En contraste frappant, « Vue en secondes » (2024) adopte un rythme rapide, faisant défiler soixante images instantanément, une par seconde. Une telle vélocité non seulement remet en question la perception stable ou la consolidation potentielle d’un soi-disant « souvenir du présent », mais sonde aussi subtilement : dans cette « ère du Big Data », inondée d’informations, la mémoire peut-elle encore s’ancrer efficacement ? Ce dédoublement bergsonien – la convergence du moment présent de la perception et de son écho virtuel – a-t-il été submergé par la surcharge informationnelle et la vitesse effrénée de la vie moderne, rendant improbable l’émergence de cet écho bref et fragile du « déjà vu » ?
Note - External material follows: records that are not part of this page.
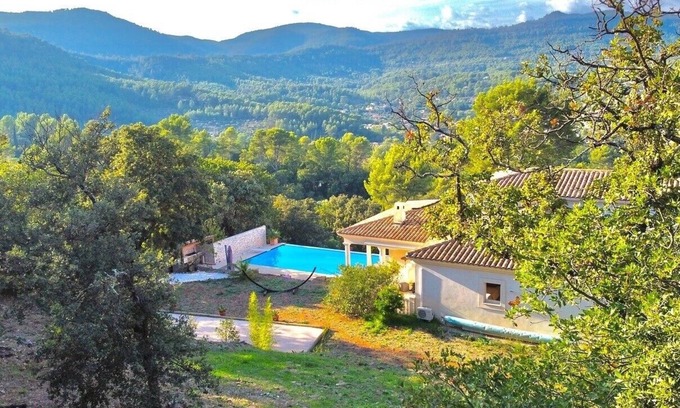 Sollies-Toucas House | Provencal country house in absolute calm, close to Var beaches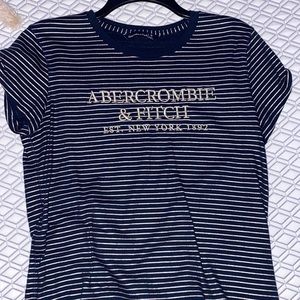 Abercrombie & Fitch T shirt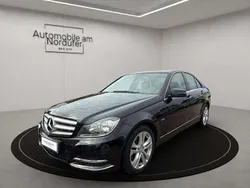 Schwarz metallic Gebraucht 2011 Mercedes C180 Limousine | 10.590 € (Fairer Preis)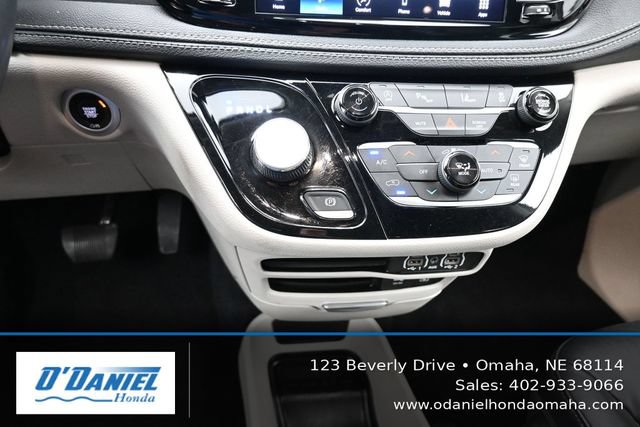 Used 2022 Chrysler Pacifica Touring-L FWD image 32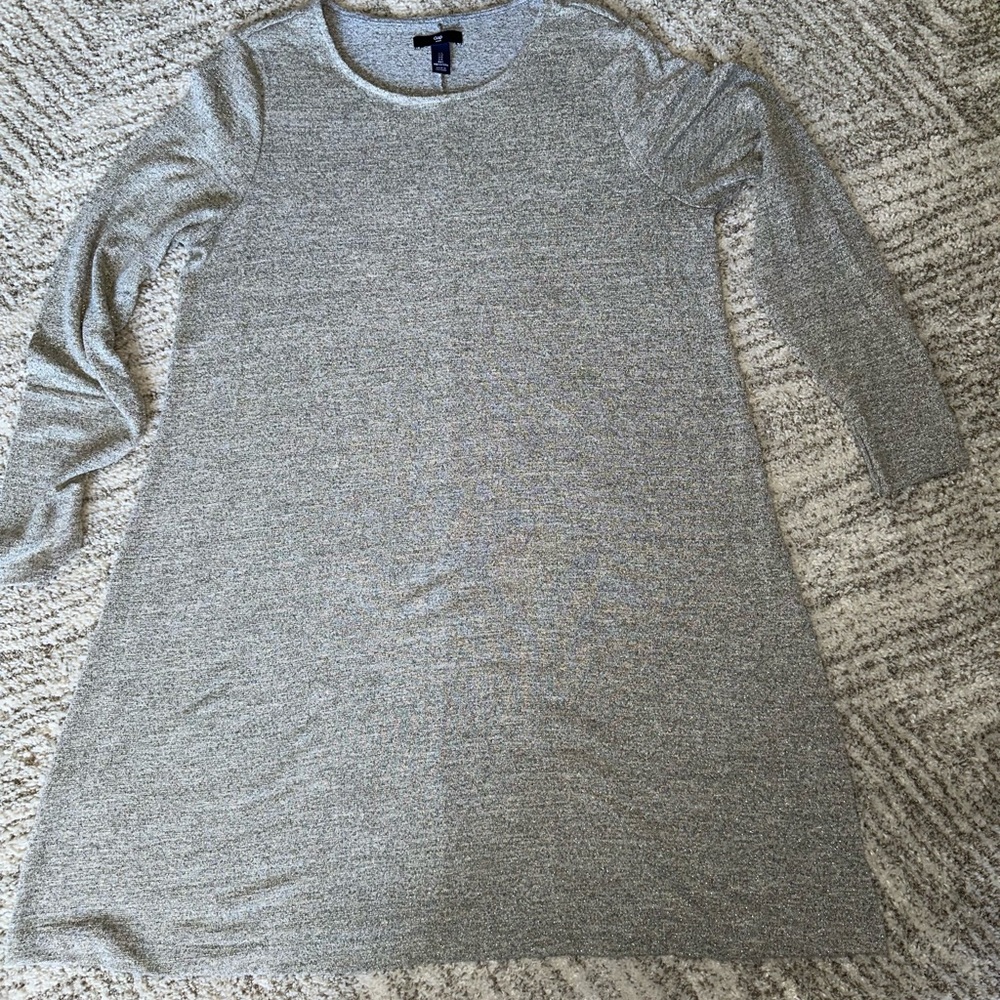 Metallic Knit tan/gold fleck Sweater Tunic
Size Large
Des œuvres comme « Three thousand hairs » (Trois mille cheveux, 2016-2019) plongent dans la durée vécue et la mémoire incarnée, reliant le présent physique (chute de cheveux, grisonnement) aux stress passés et au « cycle sans fin » des soucis, démontrant de manière vivante comment le passé imprègne et sculpte de manière persistante la réalité présente.
Tandis que des pièces comme « Grand Prix » (2009) se concentrent sur l’intensité de la perception fixée sur la vitesse, et d’autres comme « Mark » (Marque, 2019-2023) abordent l’empreinte du savoir historique, le parcours artistique de Cheong, particulièrement à travers sa manipulation nuancée de la vitesse temporelle et son questionnement persistant des seuils perceptifs, sonde en profondeur l’interaction fascinante et complexe entre le présent immédiat, le poids de la mémoire et la familiarité insaisissable au cœur du phénomène du déjà vu.
Conclusion
Ensemble, Cahen, Kok et Cheong offrent des perspectives distinctes mais complémentaires sur le « dédoublement » du moment présent. « Déjà Vu » invite les spectateurs à entrer dans leur conversation, encourageant une conscience plus profonde de la relation complexe entre perception, mémoire et temps, et de ces moments fugaces et étranges où, comme le suggérait Bergson, nous entrevoyons le présent se réfléchissant lui-même.